All queries used an Index Only Scan on purchases2_3c_idx (among other steps).所有查询都在purchases2_3c_idx上使用了仅索引扫描(以及其他步骤)。 Some only to benefit from the smaller size of the index, others more effectively.有些只是从较小的索引中受益,有些则更有效。
A. Postgres 9.4 with 200k rows and ~ 20 per customer_id A. Postgres 9.4 有 200k 行,每个customer_id约 20
1. 273.274 ms
2. 194.572 ms
3. 111.067 ms
4. 92.922 ms -- !
5. 37.679 ms -- winner
6. 189.495 ms
B. Same as A. with Postgres 9.5 B. 与 A. 相同,使用 Postgres 9.5
1. 288.006 ms
2. 223.032 ms
3. 107.074 ms
4. 78.032 ms -- !
5. 33.944 ms -- winner
6. 211.540 ms
C. Same as B., but with ~ 2.3 rows per customer_id C. 与 B. 相同,但每个customer_id大约 2.3 行
1. 381.573 ms
2. 311.976 ms
3. 124.074 ms -- winner
4. 710.631 ms
5. 311.976 ms
6. 421.679 ms
Retest with Postgres 13 on 2021-08-11在 2021 年 8 月 11 日使用 Postgres 13 重新测试
Simplified test setup: no deleted rows, because VACUUM ANALYZE cleans the table completely for the simple case.简化的测试设置:没有删除的行,因为VACUUM ANALYZE为简单的情况完全清理了表。
Important changes for Postgres: Postgres 的重要变化:
- General performance improvements.一般性能改进。
- CTEs can be inlined since Postgres 12, so query 1. and 2. now perform mostly identical (same query plan). CTE 从 Postgres 12 开始可以内联,因此查询 1. 和 2. 现在执行几乎相同(相同的查询计划)。
D. Like B. ~ 20 rows per customer_id D. 像 B. ~ 每个 customer_id 20 行
1. 103 ms
2. 103 ms
3. 23 ms -- winner
4. 71 ms
5. 22 ms -- winner
6. 81 ms
E. Like C. ~ 2.3 rows per customer_id E. 像 C. ~ 每个 customer_id 2.3 行
1. 127 ms
2. 126 ms
3. 36 ms -- winner
4. 620 ms
5. 145 ms
6. 203 ms
Accented tests with Postgres 13使用 Postgres 13 进行重音测试
1M rows , 10.000 vs. 100 vs. 1.6 rows per customer. 1M 行,每个客户 10.000 对 100 对 1.6 行。

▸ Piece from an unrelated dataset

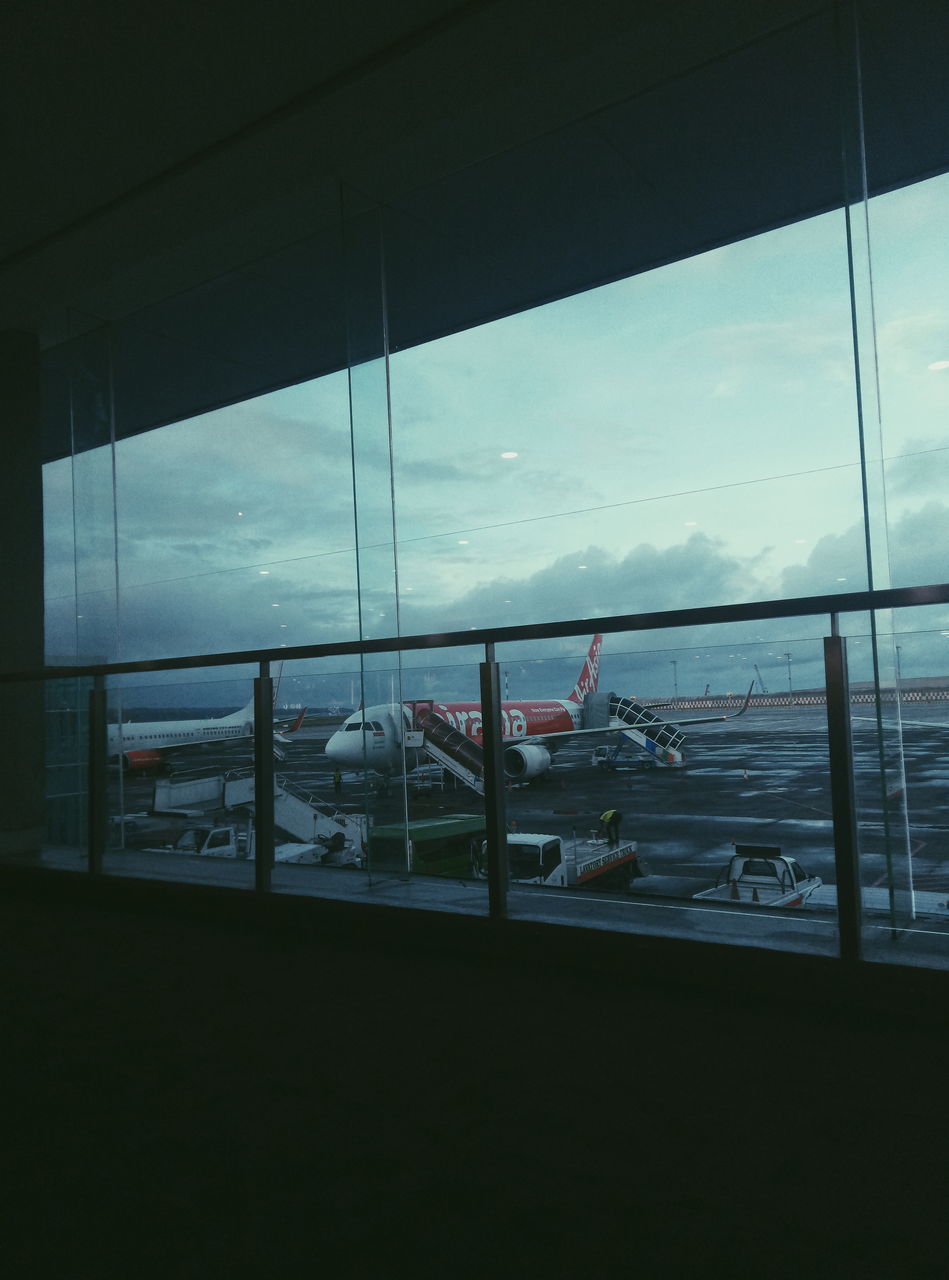 sky, sea, reflection, water, window, transportation, light, glass, mode of transportation, blue, nature, architecture, cloud, ship, nautical vessel, built structure, no people, day, transparent, travel, interior design, outdoors, window covering, railing, scenics - nature, airport, horizon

F. with ~ 10.000 rows per customer F. 每个客户约 10.000 行
1. 526 ms
2. 527 ms
3. 127 ms
4. 2 ms -- winner !
5. 1 ms -- winner !
6. 356 ms
G. with ~ 100 rows per customer G. 每个客户约 100 行
1. 535 ms
2. 529 ms
3. 132 ms
4. 108 ms -- !
5. 71 ms -- winner
6. 376 ms
H. with ~ 1.6 rows per customer H. 每个客户约 1.6 行
1. 691 ms
2. 684 ms
3. 234 ms -- winner
4. 4669 ms
5. 1089 ms
6. 1264 ms
Conclusions结论
DISTINCT ONuses the index effectively and typically performs best for few rows per group.DISTINCT ON有效地使用索引,并且通常对每组的几行执行最佳。 And it performs decently even with many rows per group.即使每组有很多行,它也表现得很好。For many rows per group, emulating an index skip scan with an rCTE performs best - second only to the query technique with a separate lookup table (if that's available).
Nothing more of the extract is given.